Были у нас ошибки, похожие на преступления.
21 марта 1918 года Высший Военный Совет республики (им руководил бывший Генерального штаба генерал-лейтенант М.Д. Бонч-Бруевич) издал — по инициативе В.И. Ленина — приказ об отмене в войсках выборного начала. 31 мая того же года комиссар Московского военного округа Н.И. Муралов объявил мобилизацию офицеров. В манеже бывшего Алексеевского училища были собраны 17 тысяч представителей начсостава, вплоть до генералов. И заперты. Без пищи, даже без соломы на подстилку для спанья. Несколько дней тянулся учет. Начались болезни, эпидемии…
…В ответ на горделивое заявление членов Реввоенсовета 10-й армии К. Ворошилова и С. Минина о том, что вот, мол, добились успеха под Царицыном вовсе без военспецов, Ленин на VIII съезде РКП (б) сказал: «Тов. Ворошилов говорит: у нас не было никаких военных специалистов и у нас 60000 потерь.
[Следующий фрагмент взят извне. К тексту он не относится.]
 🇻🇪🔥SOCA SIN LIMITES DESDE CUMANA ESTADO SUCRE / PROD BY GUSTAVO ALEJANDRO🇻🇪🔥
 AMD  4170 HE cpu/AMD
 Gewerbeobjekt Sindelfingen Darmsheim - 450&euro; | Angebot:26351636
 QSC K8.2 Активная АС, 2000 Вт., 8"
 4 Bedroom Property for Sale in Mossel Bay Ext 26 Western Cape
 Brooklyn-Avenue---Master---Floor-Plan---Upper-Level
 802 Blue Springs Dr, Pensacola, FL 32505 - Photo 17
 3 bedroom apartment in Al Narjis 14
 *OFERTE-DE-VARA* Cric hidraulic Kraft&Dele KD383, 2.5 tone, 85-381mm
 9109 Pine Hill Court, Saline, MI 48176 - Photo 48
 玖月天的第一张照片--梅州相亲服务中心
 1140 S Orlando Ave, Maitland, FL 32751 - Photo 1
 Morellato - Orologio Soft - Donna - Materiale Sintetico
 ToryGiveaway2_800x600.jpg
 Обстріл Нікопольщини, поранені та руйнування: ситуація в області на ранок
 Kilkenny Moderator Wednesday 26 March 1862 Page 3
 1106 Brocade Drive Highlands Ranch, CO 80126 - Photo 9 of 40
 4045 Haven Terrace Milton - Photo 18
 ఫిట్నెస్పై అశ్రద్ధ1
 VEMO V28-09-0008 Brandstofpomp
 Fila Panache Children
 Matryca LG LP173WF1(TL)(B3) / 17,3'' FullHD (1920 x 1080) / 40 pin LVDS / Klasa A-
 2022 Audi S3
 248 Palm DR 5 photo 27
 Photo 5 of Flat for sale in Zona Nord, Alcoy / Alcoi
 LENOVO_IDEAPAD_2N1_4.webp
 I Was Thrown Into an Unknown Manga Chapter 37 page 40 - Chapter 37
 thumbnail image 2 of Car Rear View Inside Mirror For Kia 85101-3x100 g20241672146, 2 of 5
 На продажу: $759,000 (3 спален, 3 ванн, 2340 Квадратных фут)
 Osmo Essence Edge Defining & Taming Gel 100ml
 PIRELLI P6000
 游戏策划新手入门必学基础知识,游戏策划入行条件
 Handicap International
Это ужасно… Героизм царицынской армии войдет в массы, но говорить, что мы обходились без военных специалистов, развн это есть защита партийной линии. Может быть, нам не пришлось бы отдавать эти 60000, если бы там были специалисты, если бы была регулярная армия».
* * *
Важнейшую роль в становлении Вооруженных Сил страны, многих грядущих победах, в том числе и в Великой Отечественной войне, сыграло событие, думается, не по достоинству оцененное (в какой-то мере этот пробел восполняет книга А.Г. Кавтарадзе «Военные специалисты на службе Республики Советов»): 30 мая 1920 года Особое совещание при главкоме республики обратилось с воззванием «ко всем бывшим офицерам, где бы они ни находились». Поводом послужило нападение на республику войск буржуазной Польши при поддержке Антанты.